**Available data**.
····················

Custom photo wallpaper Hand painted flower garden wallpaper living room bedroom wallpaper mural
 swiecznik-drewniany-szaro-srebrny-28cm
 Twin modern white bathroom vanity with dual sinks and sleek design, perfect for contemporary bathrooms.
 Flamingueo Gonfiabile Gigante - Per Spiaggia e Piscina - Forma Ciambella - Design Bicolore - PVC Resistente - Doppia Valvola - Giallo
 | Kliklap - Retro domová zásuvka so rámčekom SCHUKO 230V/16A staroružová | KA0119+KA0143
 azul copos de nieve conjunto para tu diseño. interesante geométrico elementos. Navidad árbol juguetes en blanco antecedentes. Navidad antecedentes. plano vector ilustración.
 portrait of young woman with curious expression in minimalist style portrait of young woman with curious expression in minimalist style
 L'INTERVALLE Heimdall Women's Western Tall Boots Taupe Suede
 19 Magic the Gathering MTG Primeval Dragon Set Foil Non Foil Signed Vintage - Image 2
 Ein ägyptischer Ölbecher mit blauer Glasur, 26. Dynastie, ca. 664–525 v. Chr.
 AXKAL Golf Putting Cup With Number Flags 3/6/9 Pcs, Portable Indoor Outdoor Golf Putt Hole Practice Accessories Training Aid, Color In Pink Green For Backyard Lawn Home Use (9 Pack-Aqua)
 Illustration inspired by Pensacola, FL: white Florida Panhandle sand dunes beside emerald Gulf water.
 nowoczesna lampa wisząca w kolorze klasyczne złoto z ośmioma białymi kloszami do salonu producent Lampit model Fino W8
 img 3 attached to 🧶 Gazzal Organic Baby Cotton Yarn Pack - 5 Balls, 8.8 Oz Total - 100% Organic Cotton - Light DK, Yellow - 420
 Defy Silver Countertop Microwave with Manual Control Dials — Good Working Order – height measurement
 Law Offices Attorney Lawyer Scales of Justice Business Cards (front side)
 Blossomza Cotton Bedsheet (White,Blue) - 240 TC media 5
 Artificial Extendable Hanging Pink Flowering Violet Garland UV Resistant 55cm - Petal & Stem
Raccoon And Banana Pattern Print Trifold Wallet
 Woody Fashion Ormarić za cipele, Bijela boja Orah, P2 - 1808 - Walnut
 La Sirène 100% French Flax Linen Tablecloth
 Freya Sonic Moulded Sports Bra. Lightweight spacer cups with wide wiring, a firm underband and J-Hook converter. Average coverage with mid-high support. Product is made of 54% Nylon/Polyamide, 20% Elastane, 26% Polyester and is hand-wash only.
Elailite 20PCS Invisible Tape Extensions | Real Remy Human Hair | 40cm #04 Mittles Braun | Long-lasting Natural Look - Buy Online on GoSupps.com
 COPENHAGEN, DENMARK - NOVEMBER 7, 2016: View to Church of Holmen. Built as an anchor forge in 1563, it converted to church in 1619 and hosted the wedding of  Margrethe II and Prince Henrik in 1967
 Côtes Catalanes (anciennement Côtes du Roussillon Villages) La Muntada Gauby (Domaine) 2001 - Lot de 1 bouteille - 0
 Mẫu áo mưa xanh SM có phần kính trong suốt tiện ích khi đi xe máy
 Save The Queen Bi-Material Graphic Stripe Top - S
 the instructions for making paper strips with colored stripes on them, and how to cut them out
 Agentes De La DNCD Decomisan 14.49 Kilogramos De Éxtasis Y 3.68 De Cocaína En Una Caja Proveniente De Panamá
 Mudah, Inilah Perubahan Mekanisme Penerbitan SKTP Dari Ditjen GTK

····················

**How to complete this task**.
Transcribe the opening lines of the listing exactly, please. Stop after the line that contains "Defy Silver Countertop".

**Reply**.
Custom photo wallpaper Hand painted flower garden wallpaper living room bedroom wallpaper mural
 swiecznik-drewniany-szaro-srebrny-28cm
 Twin modern white bathroom vanity with dual sinks and sleek design, perfect for contemporary bathrooms.
 Flamingueo Gonfiabile Gigante - Per Spiaggia e Piscina - Forma Ciambella - Design Bicolore - PVC Resistente - Doppia Valvola - Giallo
 | Kliklap - Retro domová zásuvka so rámčekom SCHUKO 230V/16A staroružová | KA0119+KA0143
 azul copos de nieve conjunto para tu diseño. interesante geométrico elementos. Navidad árbol juguetes en blanco antecedentes. Navidad antecedentes. plano vector ilustración.
 portrait of young woman with curious expression in minimalist style portrait of young woman with curious expression in minimalist style
 L'INTERVALLE Heimdall Women's Western Tall Boots Taupe Suede
 19 Magic the Gathering MTG Primeval Dragon Set Foil Non Foil Signed Vintage - Image 2
 Ein ägyptischer Ölbecher mit blauer Glasur, 26. Dynastie, ca. 664–525 v. Chr.
 AXKAL Golf Putting Cup With Number Flags 3/6/9 Pcs, Portable Indoor Outdoor Golf Putt Hole Practice Accessories Training Aid, Color In Pink Green For Backyard Lawn Home Use (9 Pack-Aqua)
 Illustration inspired by Pensacola, FL: white Florida Panhandle sand dunes beside emerald Gulf water.
 nowoczesna lampa wisząca w kolorze klasyczne złoto z ośmioma białymi kloszami do salonu producent Lampit model Fino W8
 img 3 attached to 🧶 Gazzal Organic Baby Cotton Yarn Pack - 5 Balls, 8.8 Oz Total - 100% Organic Cotton - Light DK, Yellow - 420
 Defy Silver Countertop Microwave with Manual Control Dials — Good Working Order – height measurement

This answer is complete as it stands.